Hitler Youth seems to have developed an anti-Christian strain to the degree that
members were told to see the clergy as traitors to their nation and the
Christian heritage they had been raised in as bad. But that is more about
political conflicts than religious ones. It does not prove that the Nazis were
against Christianity as a religion. Holding confesses that Catholic Youth
organisations grew under the Nazis which incredibly limited their activities to
religious ones! Holding gives away a lot here. The Nazis plainly saw
Christianity as no threat to their bigotry. No wonder Holding is able to tell us
that the Catholic Church in Germany made a "constant affirmation of loyalty to
the regime."
Holding states that the Nazi military wore belts reading God be with us and wore
the cross. He says the military in Germany before their time did the same thing
so they only carried on the tradition. But realising it was more than that he
tries to make out that under the positive Christian heresy God and the cross did
not mean truly Christian things! The fact remains that most wearing these things
would have taken the traditional view. There is no test to see how many of these
men believed the positive Christianity thing. These people were baptised as well
meaning that as long as they intended to be Christian, no matter how warped
their religious ideas were, they are to be classed as Christian. Holding
dismisses what Hitler said in 1941, "I am now as before a Catholic and will
always remain so." He argues that Hitler did not profess a Catholic faith and
that it is not usual for heretics and cultists and charlatans to call themselves
mainstream believers.
Hitler said that the German state, “must declare unfit for propagation all who
are in any way visibly sick or who have inherited a disease and therefore can
pass it on.” (It is not realised by believers that Jesus must have had the same
attitude if he thought sickness warranted him changing nature to instantly
curing the people.) This scientific racism and Darwinist outlook had no effect
until he combined it with Christian anti-Semitism.

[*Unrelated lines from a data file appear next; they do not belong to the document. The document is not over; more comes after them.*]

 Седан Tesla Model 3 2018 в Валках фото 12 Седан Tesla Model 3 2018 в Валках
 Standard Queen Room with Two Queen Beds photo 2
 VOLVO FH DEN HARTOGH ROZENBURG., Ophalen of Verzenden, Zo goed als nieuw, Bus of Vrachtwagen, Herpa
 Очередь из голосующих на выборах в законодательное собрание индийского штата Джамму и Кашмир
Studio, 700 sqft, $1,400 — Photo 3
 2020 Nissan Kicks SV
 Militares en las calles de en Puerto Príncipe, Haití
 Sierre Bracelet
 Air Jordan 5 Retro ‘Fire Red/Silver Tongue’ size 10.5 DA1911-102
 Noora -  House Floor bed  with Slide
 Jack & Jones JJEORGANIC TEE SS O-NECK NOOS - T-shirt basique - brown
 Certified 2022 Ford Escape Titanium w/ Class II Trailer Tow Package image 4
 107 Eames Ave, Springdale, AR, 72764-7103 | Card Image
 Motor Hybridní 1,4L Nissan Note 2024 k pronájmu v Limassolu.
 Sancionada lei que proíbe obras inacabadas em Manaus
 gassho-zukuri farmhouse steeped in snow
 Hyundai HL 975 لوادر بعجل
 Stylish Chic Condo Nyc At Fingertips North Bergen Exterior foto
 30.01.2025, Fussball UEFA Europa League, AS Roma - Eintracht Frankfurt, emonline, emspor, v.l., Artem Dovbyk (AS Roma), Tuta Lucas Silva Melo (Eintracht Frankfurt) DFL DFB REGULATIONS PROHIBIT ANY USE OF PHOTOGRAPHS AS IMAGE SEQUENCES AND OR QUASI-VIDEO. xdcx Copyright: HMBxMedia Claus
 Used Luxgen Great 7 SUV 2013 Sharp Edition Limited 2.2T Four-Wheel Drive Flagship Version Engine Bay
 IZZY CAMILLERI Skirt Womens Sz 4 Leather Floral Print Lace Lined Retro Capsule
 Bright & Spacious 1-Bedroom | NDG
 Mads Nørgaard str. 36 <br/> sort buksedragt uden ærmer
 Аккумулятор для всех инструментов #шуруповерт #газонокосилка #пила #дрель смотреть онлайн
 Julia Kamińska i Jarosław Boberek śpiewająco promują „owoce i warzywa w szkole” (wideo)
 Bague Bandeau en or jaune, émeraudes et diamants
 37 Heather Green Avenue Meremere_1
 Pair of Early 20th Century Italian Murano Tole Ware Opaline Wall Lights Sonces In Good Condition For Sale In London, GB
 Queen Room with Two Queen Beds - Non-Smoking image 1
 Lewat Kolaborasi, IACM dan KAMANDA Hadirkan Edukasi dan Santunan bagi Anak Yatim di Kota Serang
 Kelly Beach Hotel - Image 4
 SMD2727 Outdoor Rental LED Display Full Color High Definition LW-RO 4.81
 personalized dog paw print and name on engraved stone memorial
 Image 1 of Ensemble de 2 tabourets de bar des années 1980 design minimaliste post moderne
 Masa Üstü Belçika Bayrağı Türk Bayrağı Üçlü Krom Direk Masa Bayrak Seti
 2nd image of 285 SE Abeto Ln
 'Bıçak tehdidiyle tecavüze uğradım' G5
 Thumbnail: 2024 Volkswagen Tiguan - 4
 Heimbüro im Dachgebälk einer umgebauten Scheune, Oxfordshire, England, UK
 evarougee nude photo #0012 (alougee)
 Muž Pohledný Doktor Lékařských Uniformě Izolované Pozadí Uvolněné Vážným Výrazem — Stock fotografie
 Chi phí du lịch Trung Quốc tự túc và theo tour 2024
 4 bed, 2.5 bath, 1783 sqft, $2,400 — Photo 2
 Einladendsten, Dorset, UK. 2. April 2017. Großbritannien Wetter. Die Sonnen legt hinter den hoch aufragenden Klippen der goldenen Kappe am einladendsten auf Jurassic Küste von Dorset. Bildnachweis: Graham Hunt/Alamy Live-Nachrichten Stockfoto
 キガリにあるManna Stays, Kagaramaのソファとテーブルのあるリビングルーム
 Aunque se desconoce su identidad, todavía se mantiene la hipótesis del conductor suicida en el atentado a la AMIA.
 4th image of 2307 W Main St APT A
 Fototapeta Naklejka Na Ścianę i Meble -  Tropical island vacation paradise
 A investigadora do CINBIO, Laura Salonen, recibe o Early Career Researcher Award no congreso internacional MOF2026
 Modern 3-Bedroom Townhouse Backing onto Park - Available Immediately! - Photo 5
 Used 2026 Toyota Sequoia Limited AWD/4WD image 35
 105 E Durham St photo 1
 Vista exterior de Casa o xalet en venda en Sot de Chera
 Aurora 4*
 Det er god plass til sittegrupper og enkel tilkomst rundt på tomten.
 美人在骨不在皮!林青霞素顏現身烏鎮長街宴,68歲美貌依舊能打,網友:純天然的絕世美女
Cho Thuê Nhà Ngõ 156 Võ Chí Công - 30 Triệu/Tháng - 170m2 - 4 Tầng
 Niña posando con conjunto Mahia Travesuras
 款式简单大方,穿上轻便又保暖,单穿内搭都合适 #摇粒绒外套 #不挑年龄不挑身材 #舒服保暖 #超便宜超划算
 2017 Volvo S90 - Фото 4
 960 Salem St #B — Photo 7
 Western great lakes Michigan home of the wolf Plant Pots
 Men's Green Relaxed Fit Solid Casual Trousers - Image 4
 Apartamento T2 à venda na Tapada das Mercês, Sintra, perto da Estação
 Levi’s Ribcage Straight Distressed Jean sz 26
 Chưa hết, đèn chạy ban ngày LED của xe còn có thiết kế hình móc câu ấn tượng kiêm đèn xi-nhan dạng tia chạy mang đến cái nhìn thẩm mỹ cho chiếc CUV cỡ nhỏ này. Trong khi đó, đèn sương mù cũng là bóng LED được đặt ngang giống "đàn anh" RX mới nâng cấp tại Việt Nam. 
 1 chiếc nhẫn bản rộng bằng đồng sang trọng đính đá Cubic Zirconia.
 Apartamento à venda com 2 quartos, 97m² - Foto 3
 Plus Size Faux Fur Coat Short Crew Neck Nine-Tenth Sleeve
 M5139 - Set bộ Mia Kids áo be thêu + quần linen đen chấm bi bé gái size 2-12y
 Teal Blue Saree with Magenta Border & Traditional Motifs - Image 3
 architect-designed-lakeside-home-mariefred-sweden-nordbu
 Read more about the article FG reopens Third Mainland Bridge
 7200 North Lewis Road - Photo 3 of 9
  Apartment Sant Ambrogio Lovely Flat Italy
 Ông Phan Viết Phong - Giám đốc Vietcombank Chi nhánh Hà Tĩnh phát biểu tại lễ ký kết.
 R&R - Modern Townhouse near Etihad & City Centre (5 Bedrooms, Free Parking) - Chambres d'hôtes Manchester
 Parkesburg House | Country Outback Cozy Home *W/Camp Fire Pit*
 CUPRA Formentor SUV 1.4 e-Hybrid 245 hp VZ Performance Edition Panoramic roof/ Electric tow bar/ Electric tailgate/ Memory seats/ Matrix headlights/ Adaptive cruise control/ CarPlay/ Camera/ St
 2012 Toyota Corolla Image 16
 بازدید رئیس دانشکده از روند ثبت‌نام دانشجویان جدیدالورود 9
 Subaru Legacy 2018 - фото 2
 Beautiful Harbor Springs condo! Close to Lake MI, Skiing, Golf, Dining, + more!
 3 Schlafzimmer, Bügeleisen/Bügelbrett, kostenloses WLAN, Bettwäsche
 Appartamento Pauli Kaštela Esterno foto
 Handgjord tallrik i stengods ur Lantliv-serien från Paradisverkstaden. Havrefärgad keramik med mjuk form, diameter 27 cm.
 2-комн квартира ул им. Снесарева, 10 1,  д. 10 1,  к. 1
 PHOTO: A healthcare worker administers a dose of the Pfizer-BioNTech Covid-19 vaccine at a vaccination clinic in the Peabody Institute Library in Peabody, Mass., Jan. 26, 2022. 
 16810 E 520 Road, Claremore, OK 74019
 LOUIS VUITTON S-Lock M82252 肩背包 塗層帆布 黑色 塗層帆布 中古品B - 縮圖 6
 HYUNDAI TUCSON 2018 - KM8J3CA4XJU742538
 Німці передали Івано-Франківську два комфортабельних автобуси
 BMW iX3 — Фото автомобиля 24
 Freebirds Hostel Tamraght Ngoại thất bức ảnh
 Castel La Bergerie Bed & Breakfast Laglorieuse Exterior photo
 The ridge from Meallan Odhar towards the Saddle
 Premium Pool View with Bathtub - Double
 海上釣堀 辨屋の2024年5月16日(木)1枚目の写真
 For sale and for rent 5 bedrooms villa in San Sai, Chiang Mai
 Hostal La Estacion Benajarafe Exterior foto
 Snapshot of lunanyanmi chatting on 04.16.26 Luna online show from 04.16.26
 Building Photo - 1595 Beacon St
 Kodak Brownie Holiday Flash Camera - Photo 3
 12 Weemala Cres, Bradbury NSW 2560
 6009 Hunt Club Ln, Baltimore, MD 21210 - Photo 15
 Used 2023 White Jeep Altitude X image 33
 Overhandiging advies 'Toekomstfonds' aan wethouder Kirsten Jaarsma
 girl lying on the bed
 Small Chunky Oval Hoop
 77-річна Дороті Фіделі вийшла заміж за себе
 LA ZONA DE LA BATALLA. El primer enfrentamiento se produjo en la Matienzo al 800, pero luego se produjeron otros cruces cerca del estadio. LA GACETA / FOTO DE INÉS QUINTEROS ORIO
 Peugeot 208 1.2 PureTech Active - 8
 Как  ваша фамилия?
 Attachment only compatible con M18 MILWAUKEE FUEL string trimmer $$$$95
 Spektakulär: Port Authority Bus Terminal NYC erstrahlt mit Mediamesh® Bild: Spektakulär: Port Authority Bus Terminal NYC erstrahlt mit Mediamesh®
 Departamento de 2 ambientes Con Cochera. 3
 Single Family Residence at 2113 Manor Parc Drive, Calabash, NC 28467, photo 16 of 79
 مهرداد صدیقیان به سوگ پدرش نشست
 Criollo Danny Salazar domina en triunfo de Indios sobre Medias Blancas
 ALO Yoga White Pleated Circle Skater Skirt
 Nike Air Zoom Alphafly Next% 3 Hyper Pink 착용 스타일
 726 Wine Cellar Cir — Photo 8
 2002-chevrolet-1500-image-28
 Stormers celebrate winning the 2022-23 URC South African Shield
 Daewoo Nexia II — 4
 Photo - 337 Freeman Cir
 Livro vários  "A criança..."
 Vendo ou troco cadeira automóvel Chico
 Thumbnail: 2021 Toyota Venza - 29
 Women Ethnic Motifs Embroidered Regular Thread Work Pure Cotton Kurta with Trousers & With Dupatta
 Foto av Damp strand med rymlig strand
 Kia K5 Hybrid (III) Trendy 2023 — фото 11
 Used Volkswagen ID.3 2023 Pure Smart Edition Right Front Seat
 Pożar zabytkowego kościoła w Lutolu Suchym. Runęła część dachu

Holding concludes, “It is not even remotely possible to blame authentic
Christian faith for the horrors of Nazi Germany. If anything, the conditions
demonstrate that it is only because of a weakened and undermined Christianity
that such horrors were permitted, and not acted against by the confessing
churches of mainstream Christianity.”
In 1927, Hitler was discussing religious violence with a priest. The priest claimed that Christianity helped eradiate the barbarism of Rome. Hitler responded by saying the Church was worse than pagan Rome. He listed crimes such as the destruction of the Aztecs and Incas, the slave industry and so on. It seems to me that Hitler was conditioned by his Christian upbringing to be defeatist about religious violence and hate. He knew the Church would always be bigger than any enterprise of his. He channelled that defeatism into antisemitism. He thought the Church would destroy Jews anyway so he did it himself. He did this in the knowledge that the Church disproportionately attacked Jews though it hated many groups and faiths. He knew it was there to stay for the New Testament scriptures were hateful towards the Jews and their ancestors.